So, that’s why it’s a key element in the ML platform, and going forward, too, right? So, as we increase the number of models, as we increase the experimentation of these models, it’s key to lock those things and have a place where we can rely on Comet, in measuring the performances, and upgrading these models into production. So it gives us a very robust process, for model deployment and model training.
Gideon Mendels: Thank you so much for sharing and I’m sure like a lot of other platform teams you had, at some point you had the debate, it’s like, hey, like what is like our high-level strategy? Should we try to buy something that solves all our problems, or potentially does, should we try to build everything? I mean, obviously you picked a more modular approach, but kind of what, what advice would you give, like, you know, a platform team, just, you know, debating this exact topic looking at the vendors, opensource, what would you recommend to them to think about when making that decision?
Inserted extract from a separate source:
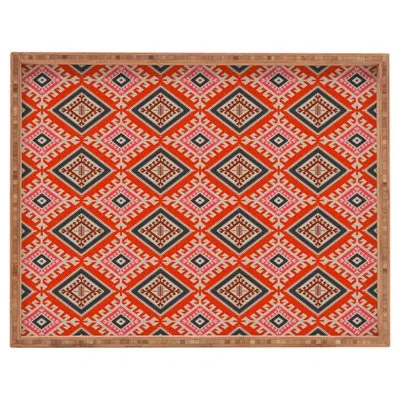 Deny Designs Bohemian Ottoman/coffee Table Tray In Pink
Anuradha Uduwage: It depends.
Adam Hendel: Yeah.
Anuradha Uduwage: So I, I know that no one likes that answer because it depends–
Gideon Mendels: Yeah, it does.
Anuradha Uduwage: –it’s like, it’s like a consultancy giving an answer, it depends. But it really depends on how, how your team’s maturity of your machine learning organization, and resources that you have. And, you don’t have to do one or the other.
Gideon Mendels: Mm-hmm.
Anuradha Uduwage: You could do a hybrid version just like we are doing, right? We didn’t build, uh, Comet inside.
Gideon Mendels: Yeah.
Anuradha Uduwage: We use Comet and we build that ML platform with Comet being a key, key piece within our ML platform. So just like that I, my advice is every team’s needs are different. Understand the needs and start small. And then, then you can try to understand what the data science teams need–
Gideon Mendels: Mm-hmm
Anuradha Uduwage: –and build with them. ‘Cause if you try to just build it without them, no one will use it.
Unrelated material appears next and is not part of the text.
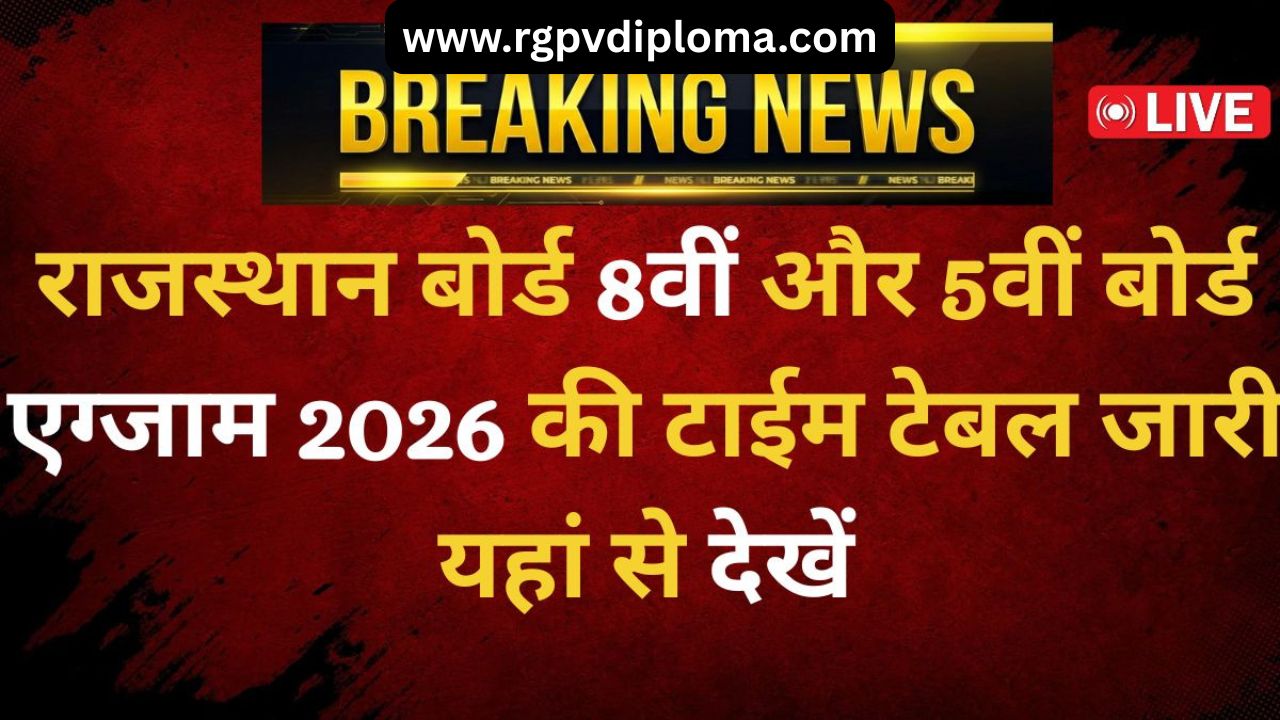 RBSE Board Exam Time Table 2026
Gideon Mendels: Yeah. Awesome guys, thank you so much for taking the time. I really enjoyed the conversation. You know, I’ve learned a lot from you guys, not just, from the last conversation, but just working with you and the rest of the platform team. So it’s been a pleasure and thanks again for coming here today.
Adam Hendel: Yeah, thank you.
Anuradha Uduwage: Thank you for having us.
Gideon Mendels: Awesome.